• [DATASET EXTRACT]
..............................

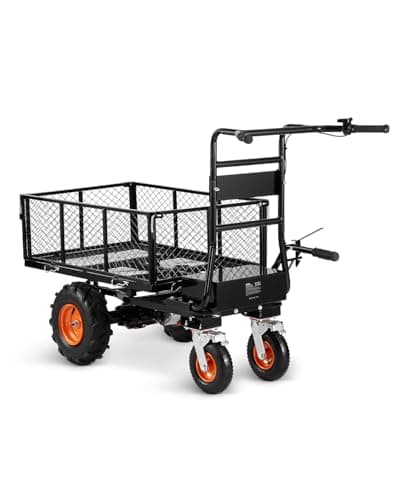 VEVOR Carrello Elettrico di Servizio Carrello a Quattro Ruote Carico max. 300kg, Carrello Elettrico da Giardino in Acciaio 36V-12A-500W, Carrello Elettrico Trasporto Carriola per Fattoria Giardino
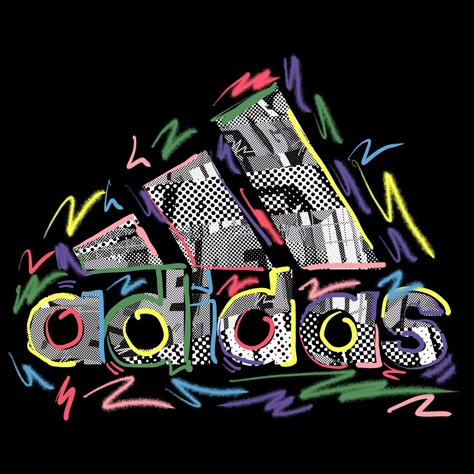 Adidas Print Design, Adidas Logo Art Design, Adidas Illustration, Energetic Aesthetic, Adidas Logo Art, Disney Silhouette Art, Adidas Art, Nike Art, Adidas Casual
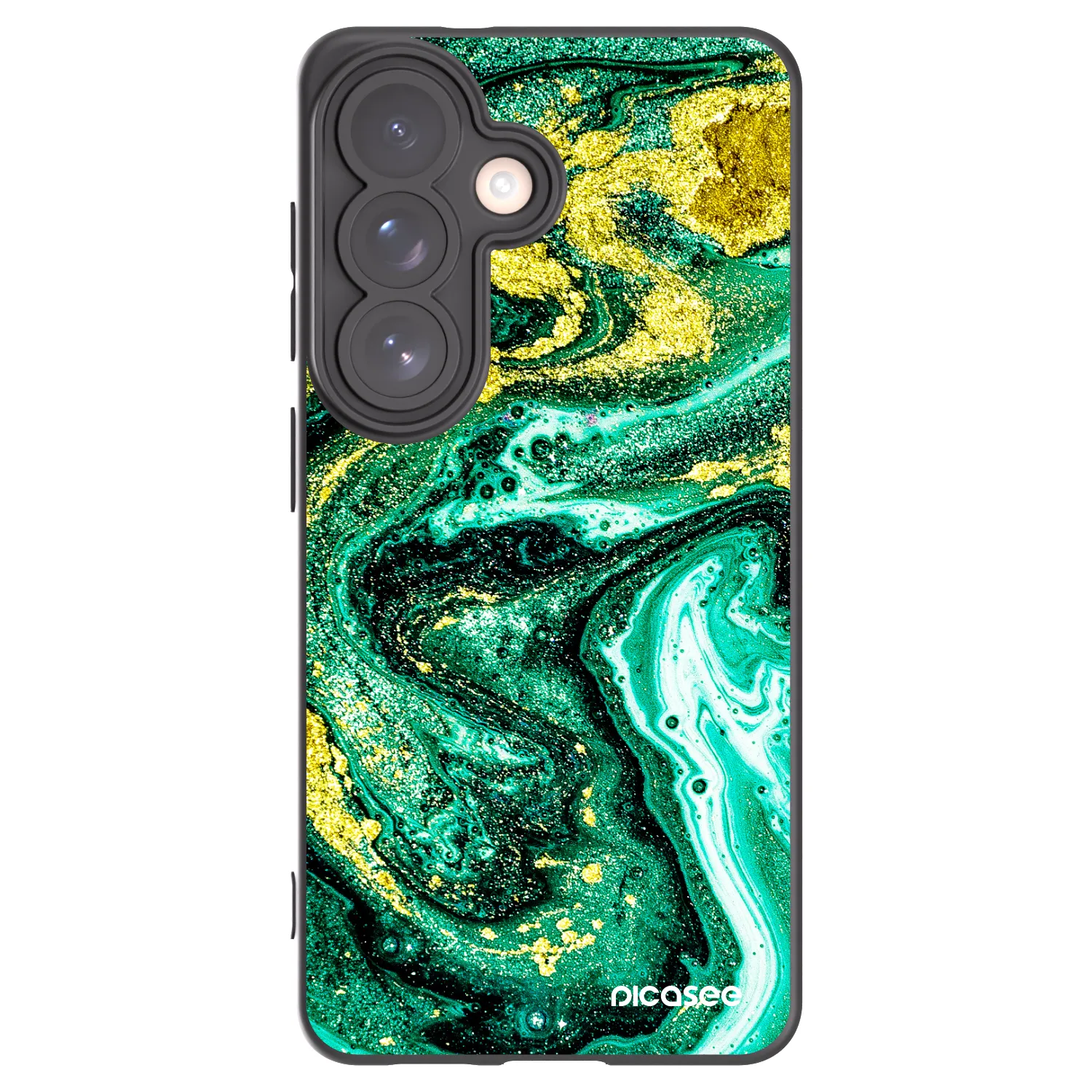 Picasee husă neagră din silicon pentru Samsung Galaxy S26 - Green Gold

..............................

• [ACTIVITY]
An exact copy of the material above is required, minus its images.

• [RESPONSE BOX]
 VEVOR Carrello Elettrico di Servizio Carrello a Quattro Ruote Carico max. 300kg, Carrello Elettrico da Giardino in Acciaio 36V-12A-500W, Carrello Elettrico Trasporto Carriola per Fattoria Giardino
 Adidas Print Design, Adidas Logo Art Design, Adidas Illustration, Energetic Aesthetic, Adidas Logo Art, Disney Silhouette Art, Adidas Art, Nike Art, Adidas Casual
 Picasee husă neagră din silicon pentru Samsung Galaxy S26 - Green Gold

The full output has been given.